Kleinkram?

Die meisten längeren Literarischen Werke für die Zwischenprüfung habe ich durch. Die letzten paar tage habe ich damit verbracht mir die kürzeren Formen, wie Kurzgeschichten und Gedichte zu Gemüte zu führen.

Angefangen habe ich mit den Kurzgeschichten von Edgar Allen Poe. Diese finde ich einerseits interessant und gut geschrieben. Vor allem der Punkt Spannung kommt nicht zu kurz. Der Mann wusste was er tat. Wirklich gefallen hat mir jedoch keine der drei Geschichten. “The Black Cat” und “The Tell Tale Heart” waren für meinen Geschmack etwas zu psychologisch angehaucht.
Am ehesten mochte ich noch “The Murders in the Rue Morgue”, mit der Poe quasi die Detektiv Geschichte erfunden hat. Das Vorgehen des Protagonisten Dupin erinnert stark an das späterer Figuren dieses Genres, wie Arthur Conan Doyle’s Sherlock Holmes, für den Poe’s Dupin eines der Vorbilder war. Wer Sherlock Holmes mag, wird an dieser Kurzgeschichte vermutlich auch seine Freude haben. Mit der Lösung des Falls vergallopiert sich Poe jedoch für meinen Geschmack zu sehr ins unglaubwürdige. Dies war aber vermutlich sogar seine Absicht.

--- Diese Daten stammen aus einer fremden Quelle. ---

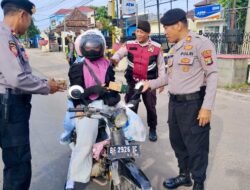 Sat Samapta Polres Lamteng Berbagi Takjil Dengan Masyarakat Sekaligus Patroli Pengamanan Ibadah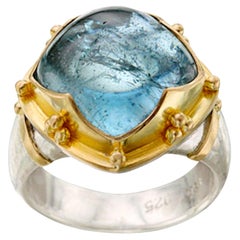 Anello Steven Battelle con acquamarina cabochon da 10,8 carati in oro 18 carati/sterlina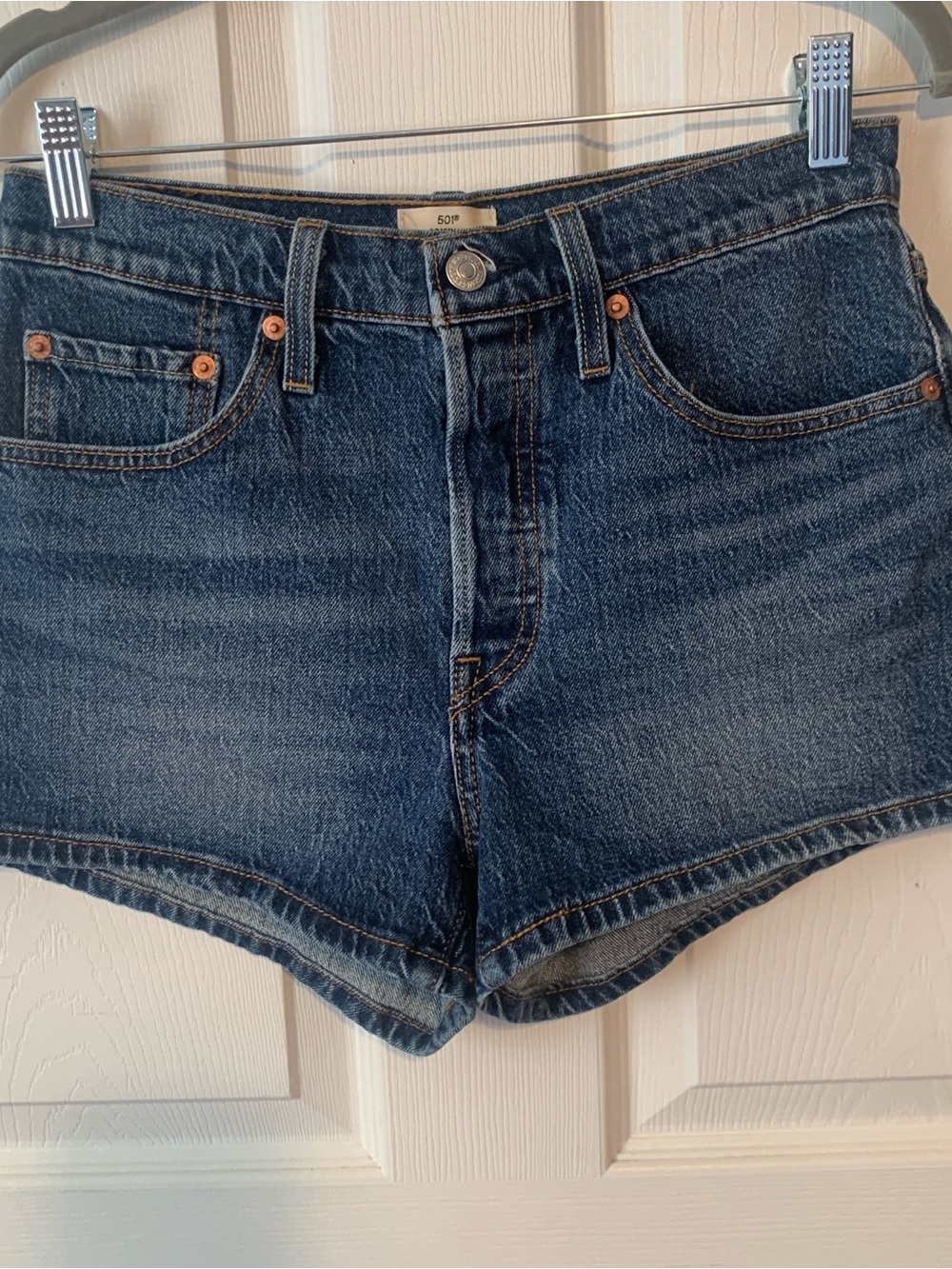 501 Original Premium Levi Shorts 27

Als nächstes stand eine Auswahl von Sonetten von William Shakespeare auf dem Programm. Den Inhalt jedes einzelnen wiederzugeben würde den Rahmen sprengen. Nur so viel: Jedes einzelne ist ein Meisterwerk. Es ist immer wieder beeindruckend wie viel man in vierzehn Zeilen packen kann. Natürlich ist für viele Leute, die nicht grade Anglistik studieren die Sprache Shakespeare’s ein Hindernis. Gerade die Sonette verlieren aber in der Übersetzung, mehr als die Dramen, einiges an Glanz. Mit ein bisschen Einlesen geht es schon. Mein Tip: Zum Anfangen eignet sich Sonett Nummer 18. Es ist nicht nur relativ einfach geschrieben, sondern auch eines, wenn nicht das berühmteste von Shakespeare’s Gedichten. Vielleicht sogar das berühmteste in Englischer Sprache überhaupt.

Nicht das interessanteste, aber doch irgendwie das schönste, was ich bisher für meine Prüfung gelesen habe, sind die Gedichte von Emily Dickinson. Einfach in der Form, kurz und prägnant in der Aussage, damit sind sie schon ganz gut beschrieben. Vom Inhalt her beschäftigt sich Disckinson mit einer Fülle an Themen. Leben und Tod, Liebe und Einsamkeit und vieles mehr. Meine Empfehlung zum Einstieg hier: “I died for Beauty but was Scarce”.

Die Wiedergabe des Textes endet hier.